Segment Start: Raw data

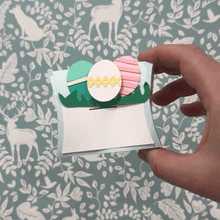 Load image into Gallery viewer, Easter Egg Gift Pillow 3D Box - Digital Download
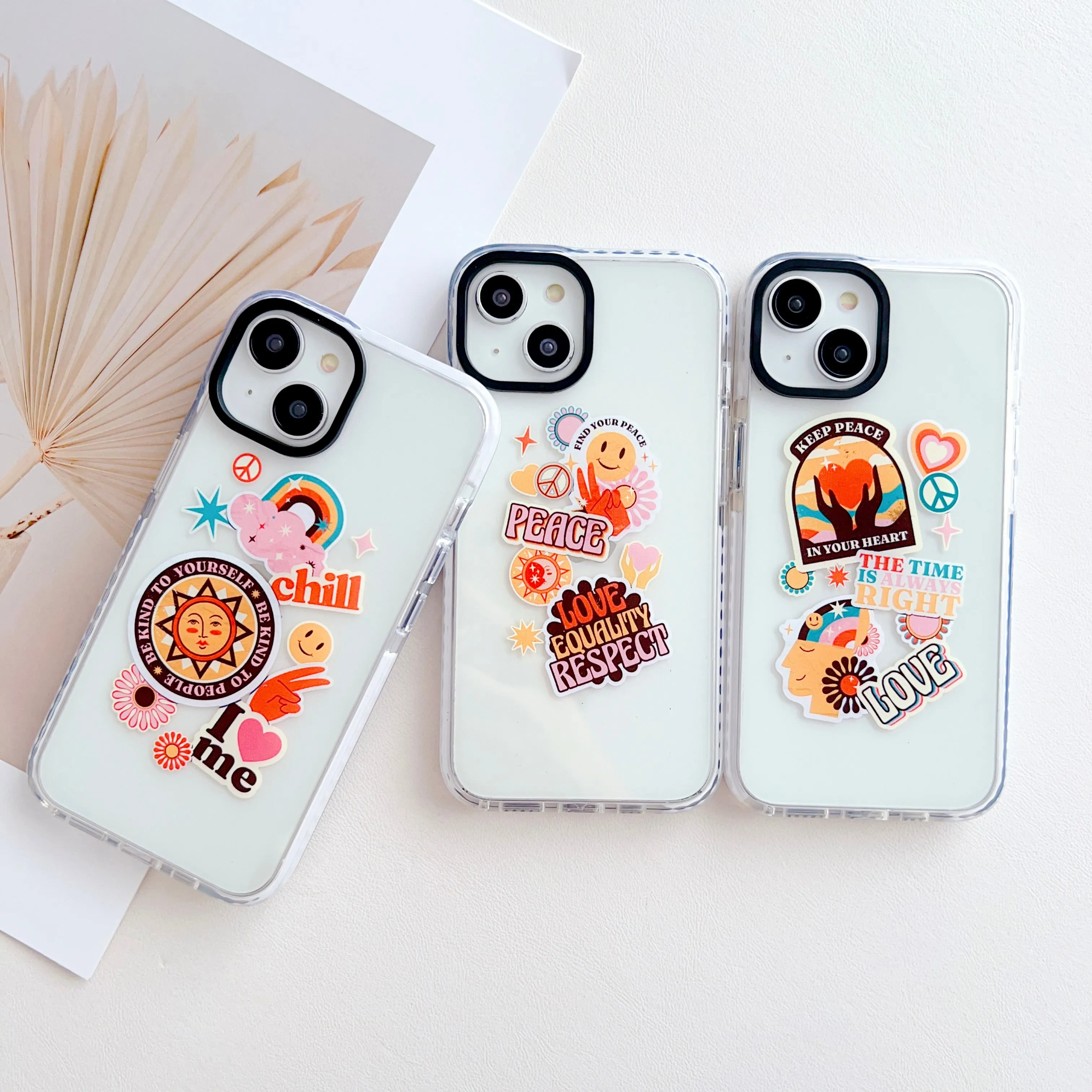 Today's Motivation Designer Impact Proof Silicon Phone Case for iPhone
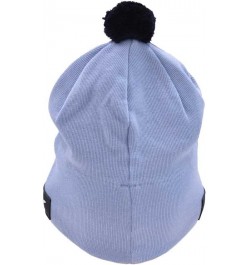 Unisex Winter Knitted Ski Classic Tradition Beanie Hat One Size Fits Most Bluebell/Dark Navy $29.11 Skullies & Beanies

Segment End: Raw data

Assigned task
Every line of the material should be repeated precisely; pictures are to be excluded.

Written answer
 Load image into Gallery viewer, Easter Egg Gift Pillow 3D Box - Digital Download
 Today's Motivation Designer Impact Proof Silicon Phone Case for iPhone
 Unisex Winter Knitted Ski Classic Tradition Beanie Hat One Size Fits Most Bluebell/Dark Navy $29.11 Skullies & Beanies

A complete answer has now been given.